R. Kennedy said that he realized that we had different approaches to these problems and it was not likely that we could convince each other. But now the matter is not in these differences, since time is of the essence. "I want," R. Kennedy stressed, "to lay out the current alarming situation the way the president sees it. He wants N.S. Khrushchev to know this. This is the thrust of the situation now."

"Because of the plane that was shot down, there is now strong pressure on the president to give an order to respond with fire if fired upon when American reconnaissance planes are flying over Cuba. The USA can't stop these flights, because this is the only way we can quickly get information about the state of construction of the missile bases in Cuba, which we believe pose a very serious threat to our national security. But if we start to fire in response-a chain reaction will quickly start that will be very hard to stop. The same thing in regard to the essence of the issue of the missile bases in Cuba. The USA government is determined to get rid of those bases-up to, in the extreme case, of bombing them, since, I repeat,they pose a great threat to the security of the USA. But in response to the bombing of these bases, in the course of which Soviet specialists might suffer, the Soviet government will undoubtedly respond with the same against us, somewhere in Europe. A real war will begin, in which millions of Americans and Russians will die. We want to avoid that any way we can, I'm sure that the government of the USSR has the same wish. However, taking time to find a way out [of the situation] is very risky (here R. Kennedy mentioned as if in passing that there are many unreasonable heads among the generals, and not only among the generals, who are 'itching for a fight'). The situation might get out of control, with irreversible consequences."
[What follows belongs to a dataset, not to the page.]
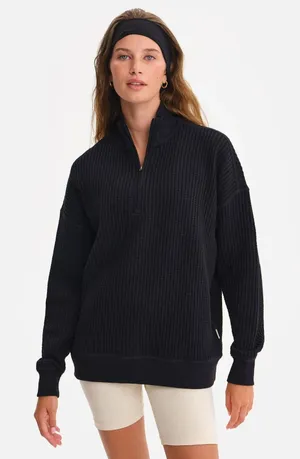 MATE Waffle collared 1/2‎ zip Pullover Size M Black Organic Waffle Sweatshirt thumbnail 1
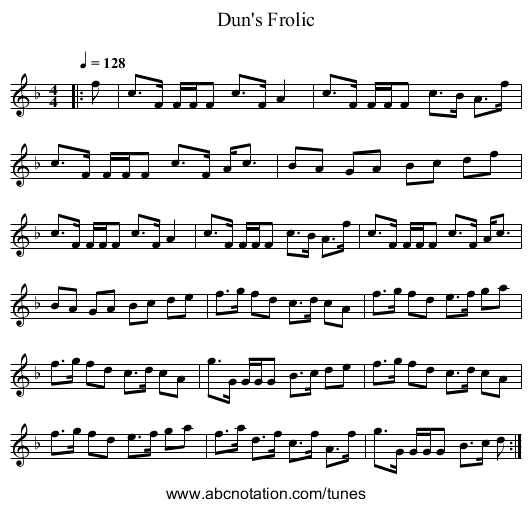Dun's Frolic - staff notation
"In this regard," R. Kennedy said, "the president considers that a suitable basis for regulating the entire Cuban conflict might be the letter N.S. Khrushchev sent on October 26 and the letter in response from the President, which was sent off today to N.S. Khrushchev through the US Embassy in Moscow. The most important thing for us," R. Kennedy stressed, "is to get as soon as possible the agreement of the Soviet government to halt further work on the construction of the missile bases in Cuba and take measures under international control that would make it impossible to use these weapons. In exchange the government of the USA is ready, in addition to repealing all measures on the "quarantine," to give the assurances that there will not be any invasion of Cuba and that other countries of the Western Hemisphere are ready to give the same assurances-the US government is certain of this."

"And what about Turkey?" I asked R. Kennedy.

"If that is the only obstacle to achieving the regulation I mentioned earlier, then the president doesn't see any unsurmountable difficulties in resolving this issue," replied R. Kennedy. "The greatest difficulty for the president is the public discussion of the issue of Turkey. Formally the deployment of missile bases in Turkey was done by a special decision of the NATO Council. To announce now a unilateral decision by the president of the USA to withdraw missile bases from Turkey-this would damage the entire structure of NATO and the US position as the leader of NATO, where, as the Soviet government knows very well, there are many arguments. In short, if such a decision were announced now it would seriously tear apart NATO."